Su tale questione, la Corte dei Conti, sez. contr. della Lombardia, con la deliberazione n. 96 del 22 marzo 2013 ha fornito alcuni chiarimenti.

I magistrati contabili hanno chiarito che la normativa contempla due ipotesi, relativamente ai compensi i compensi erogati ai dipendenti pubblici nominati nei cda i società:

– controllate dalle p.a. di cui all’art. 1 comma 2 del d.lgs. 165/2001;

– a totale partecipazione pubblica, diretta o indiretta.

Nel primo caso, trattandosi di posizioni di mero controllo o di partecipazione anche non maggioritaria, ciò che rende applicabili i limiti ai compensi e la loro destinazione è il conseguimento per l’anno 2011 del fatturato da prestazione di servizi a favore delle pubbliche amministrazione per una percentuale superiore al 90%.

Nel secondo caso, la soggezione ai vincoli pubblicistici sui compensi discende direttamente dall’essere la società totalmente in mano pubblica, secondo i meccanismi dell’in house providing e del controllo analogo.

L’attività prestata dal dipendente pubblico nominato, proprio per la sua pregressa investitura di pubblico funzionario, quale membro del cda della società pubblica, rappresenta una mera modalità di incarico al medesimo conferito in ragione dell’ufficio ricoperto o comunque conferito dall’amministrazione in cui si presta il servizio.

La prestazione lavorativa del dipendente infatti soggiace al principio di onnicomprensività della retribuzione e il trattamento economico erogato remunera tutte le funzioni e compiti ad esso attribuiti.

Secondo la Corte dei Conti, il dipendente pubblico nominato membro di un consiglio di amministrazione di una società partecipata non può beneficiare di alcun trattamento economico ulteriore, derivante dal relativo ufficio poiché esso va ad esclusivo vantaggio del bilancio di esercizio dell’ente locale che dispone la nomina.

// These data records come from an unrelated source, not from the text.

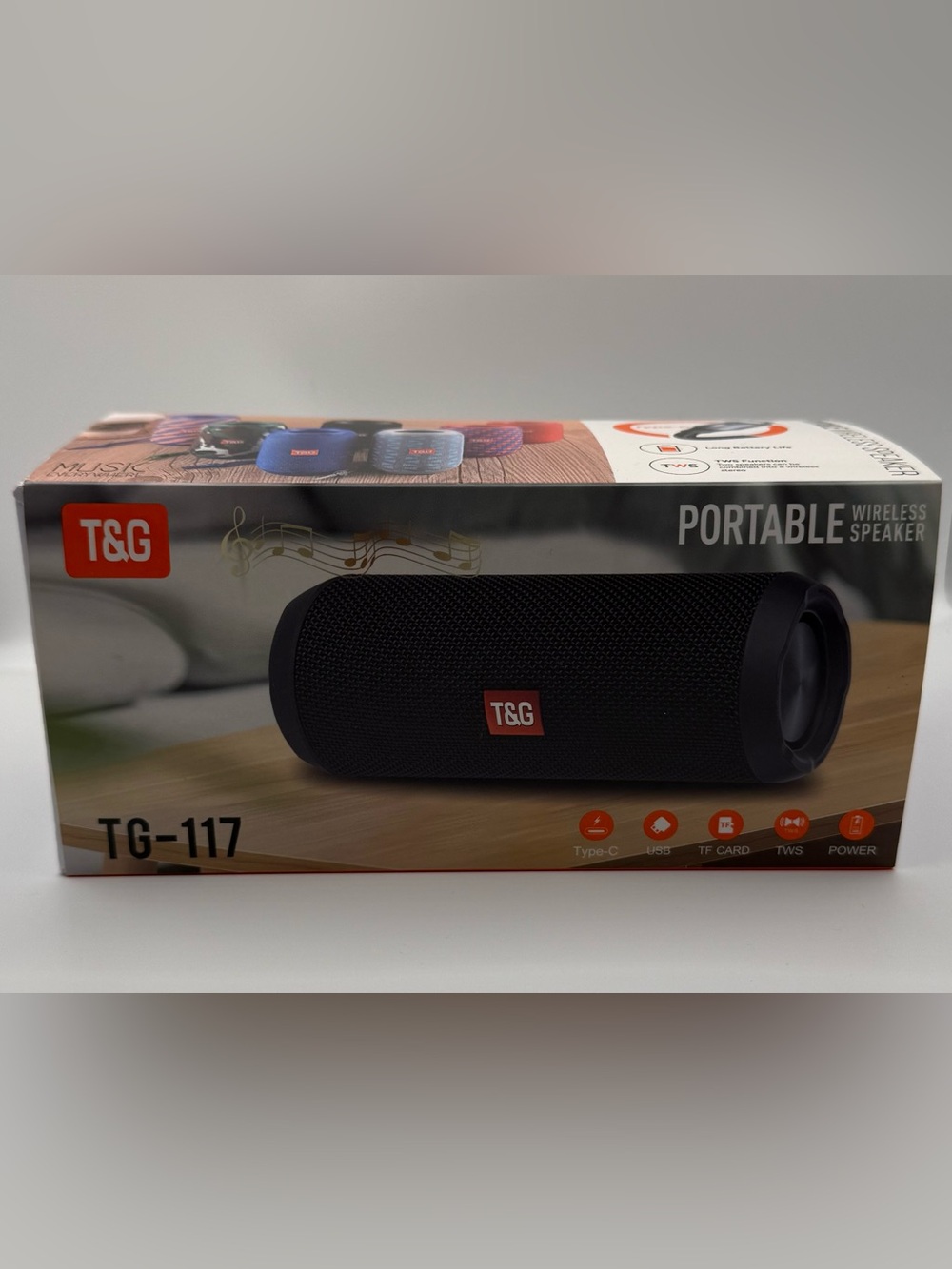 T&G TG-117 Portable Wireless Bluetooth Speaker Red New In Box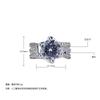 Luxury Rotating Full Diamond Six-Claw Flash Zircon Ring Women'S Luxury Zircon Large Carat Sansheng Iii Diamond Ring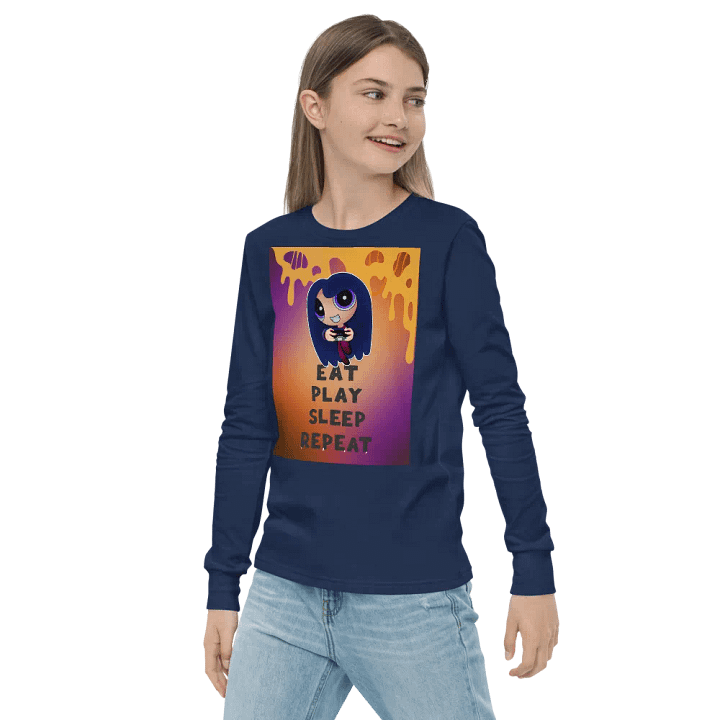 Youth Eat Play Sleep Long Sleeve Top product image (2)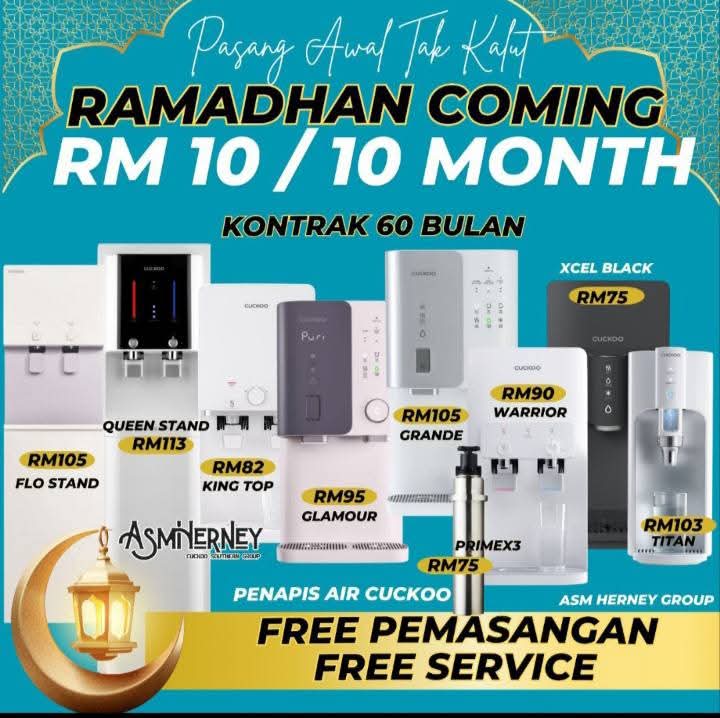 promo raya penapis air cuckoo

Questo principio vale per il personale con qualifica dirigenziale, per il quale i magistrati contabili hanno richiamato l’articolo 20, comma 1 e 2 del ccnl. 22 febbraio 2010, che stabilisce che “in aggiunta alla retribuzione di posizione e di risultato possono essere erogati, a titolo di retribuzione di risultato, solo i compensi espressamente previsti da specifiche disposizioni di legge, come espressamente recepite nelle vigenti disposizioni della contrattazione collettiva nazionale e secondo le modalità da queste stabilite”.

Ma tale principio vale anche per il personale senza qualifica dirigenziale, in quanto in carenza di specifiche disposizioni legislative e contrattuali circa la destinazione del compenso al dipendente, il corrispettivo previsto dalla società è posto ad esclusivo vantaggio del bilancio della p.a., alleggerendo gli oneri finanziari dell’amministrazione.

Secondo i magistrati contabili, pertanto, per i dirigenti tali somme non potranno essere aggiunte in aumento al fondo, ma dovranno essere utilizzate per la sua quantificazione ordinaria, né potranno essere erogate al personale privo di qualifica dirigenziale, non essendo legittima un’eterointegrazione dei compensi incentivanti in assenza di meccanismi previsti in tal senso dalla contrattazione collettiva, tesi ad incrementare la retribuzione di risultato.